* _Prompt_
Copy out exactly, and only, the lines from the one containing "this 160×240 image." through the end of the entries. No pictures.

* _Records for this task_

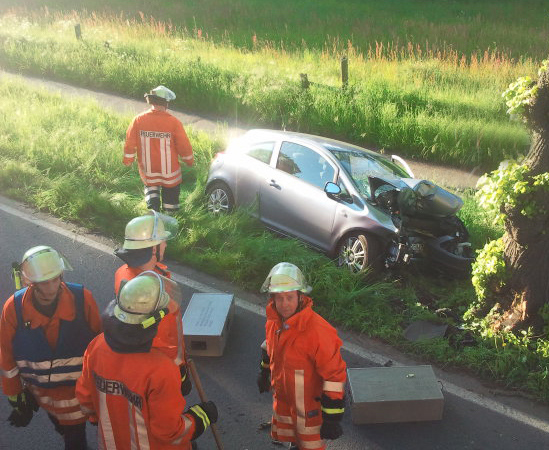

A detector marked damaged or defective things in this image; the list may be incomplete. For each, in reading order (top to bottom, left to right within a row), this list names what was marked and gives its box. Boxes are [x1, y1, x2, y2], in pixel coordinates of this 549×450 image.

crashed silver car [206, 128, 470, 272]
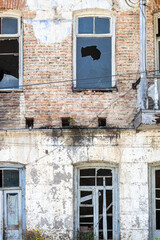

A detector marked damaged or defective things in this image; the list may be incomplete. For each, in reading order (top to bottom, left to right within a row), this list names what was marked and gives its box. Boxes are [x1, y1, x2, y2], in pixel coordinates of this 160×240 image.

shattered glass pane [1, 17, 17, 34]
broken window [0, 15, 21, 89]
window with broken glass [0, 15, 22, 90]
shattered glass pane [76, 37, 111, 89]
broken window [74, 15, 115, 89]
window with broken glass [74, 15, 115, 90]
window with broken glass [74, 167, 118, 240]
broken window [74, 167, 118, 240]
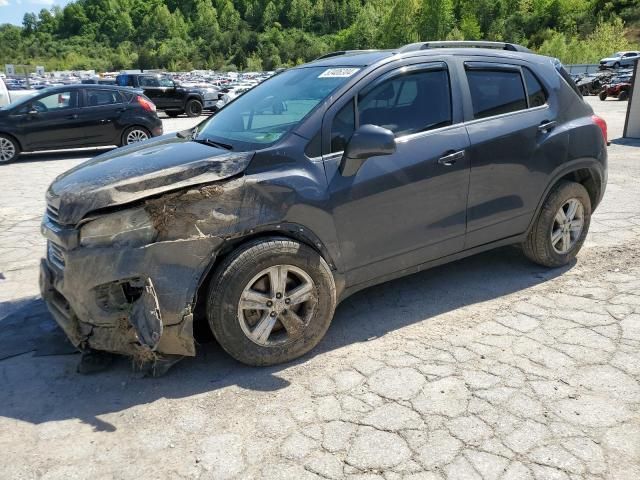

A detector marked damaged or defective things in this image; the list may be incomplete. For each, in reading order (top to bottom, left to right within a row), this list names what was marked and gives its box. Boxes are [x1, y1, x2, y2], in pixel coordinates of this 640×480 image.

exposed headlight housing [79, 208, 156, 248]
crumpled front bumper [40, 216, 224, 362]
torn plastic fender liner [129, 278, 164, 348]
dented hood [48, 134, 252, 226]
cracked asphalt [1, 99, 640, 478]
damaged gray suv [40, 41, 608, 374]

* _Solution for this exercise_
A detector marked damaged or defective things in this image; the list may be incomplete. For each, in reading order (top to bottom, left to right within a row), this list names what was marked and gives its box. Boxes are [x1, y1, x2, y2], in pixel coordinates of this 160×240 image.

shattered glass pane [1, 17, 17, 34]
broken window [0, 15, 21, 89]
window with broken glass [0, 15, 22, 90]
shattered glass pane [76, 37, 111, 89]
broken window [74, 15, 115, 89]
window with broken glass [74, 15, 115, 90]
window with broken glass [74, 167, 118, 240]
broken window [74, 167, 118, 240]

A detector marked damaged or defective things in this image; the list may be incomplete. For each, in reading order (top to bottom, left to right within a row), this list names what was marked and gives its box. Boxes are [x1, y1, x2, y2], in pixel coordinates of this 640×480 image.

exposed headlight housing [79, 208, 156, 248]
crumpled front bumper [40, 216, 224, 362]
torn plastic fender liner [129, 278, 164, 348]
dented hood [48, 134, 252, 226]
cracked asphalt [1, 99, 640, 478]
damaged gray suv [40, 41, 608, 374]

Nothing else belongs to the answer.